--- Work to be completed ---
Write out, without any change, the lines in the material below that run from the line with "Prada Wool Waist Bag" through the line with "Property at 616 Lusk St, Bayard, NM 88023", both included.

----

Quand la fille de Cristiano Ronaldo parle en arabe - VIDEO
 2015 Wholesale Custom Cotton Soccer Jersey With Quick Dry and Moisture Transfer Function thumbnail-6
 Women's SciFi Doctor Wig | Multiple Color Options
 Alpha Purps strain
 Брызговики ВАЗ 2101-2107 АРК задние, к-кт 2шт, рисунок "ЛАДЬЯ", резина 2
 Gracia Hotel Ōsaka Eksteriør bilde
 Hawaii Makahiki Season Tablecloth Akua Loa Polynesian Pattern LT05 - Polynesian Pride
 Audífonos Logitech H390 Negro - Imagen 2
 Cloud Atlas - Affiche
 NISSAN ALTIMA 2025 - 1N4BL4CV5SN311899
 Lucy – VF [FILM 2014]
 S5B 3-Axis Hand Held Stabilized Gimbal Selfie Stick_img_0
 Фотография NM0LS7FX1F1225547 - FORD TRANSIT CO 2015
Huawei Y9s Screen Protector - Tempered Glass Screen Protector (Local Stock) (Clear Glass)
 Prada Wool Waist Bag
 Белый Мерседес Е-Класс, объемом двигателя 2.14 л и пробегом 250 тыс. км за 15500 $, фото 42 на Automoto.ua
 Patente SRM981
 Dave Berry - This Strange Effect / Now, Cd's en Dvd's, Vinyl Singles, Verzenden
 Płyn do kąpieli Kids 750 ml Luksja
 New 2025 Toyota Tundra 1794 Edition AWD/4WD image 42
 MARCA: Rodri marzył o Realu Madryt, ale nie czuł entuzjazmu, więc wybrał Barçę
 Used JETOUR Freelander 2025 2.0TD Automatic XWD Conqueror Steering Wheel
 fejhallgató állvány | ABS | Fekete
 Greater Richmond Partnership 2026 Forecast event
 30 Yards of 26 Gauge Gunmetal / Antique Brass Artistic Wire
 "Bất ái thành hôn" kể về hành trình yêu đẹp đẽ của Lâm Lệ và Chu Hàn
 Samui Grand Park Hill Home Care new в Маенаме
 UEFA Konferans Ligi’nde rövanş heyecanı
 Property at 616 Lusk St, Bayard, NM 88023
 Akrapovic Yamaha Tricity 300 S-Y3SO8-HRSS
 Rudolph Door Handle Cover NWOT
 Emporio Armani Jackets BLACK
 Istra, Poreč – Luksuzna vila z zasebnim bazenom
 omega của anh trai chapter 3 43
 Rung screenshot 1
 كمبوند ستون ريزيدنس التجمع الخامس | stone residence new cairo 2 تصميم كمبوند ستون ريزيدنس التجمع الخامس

----

--- Result for this exercise ---
 Prada Wool Waist Bag
 Белый Мерседес Е-Класс, объемом двигателя 2.14 л и пробегом 250 тыс. км за 15500 $, фото 42 на Automoto.ua
 Patente SRM981
 Dave Berry - This Strange Effect / Now, Cd's en Dvd's, Vinyl Singles, Verzenden
 Płyn do kąpieli Kids 750 ml Luksja
 New 2025 Toyota Tundra 1794 Edition AWD/4WD image 42
 MARCA: Rodri marzył o Realu Madryt, ale nie czuł entuzjazmu, więc wybrał Barçę
 Used JETOUR Freelander 2025 2.0TD Automatic XWD Conqueror Steering Wheel
 fejhallgató állvány | ABS | Fekete
 Greater Richmond Partnership 2026 Forecast event
 30 Yards of 26 Gauge Gunmetal / Antique Brass Artistic Wire
 "Bất ái thành hôn" kể về hành trình yêu đẹp đẽ của Lâm Lệ và Chu Hàn
 Samui Grand Park Hill Home Care new в Маенаме
 UEFA Konferans Ligi’nde rövanş heyecanı
 Property at 616 Lusk St, Bayard, NM 88023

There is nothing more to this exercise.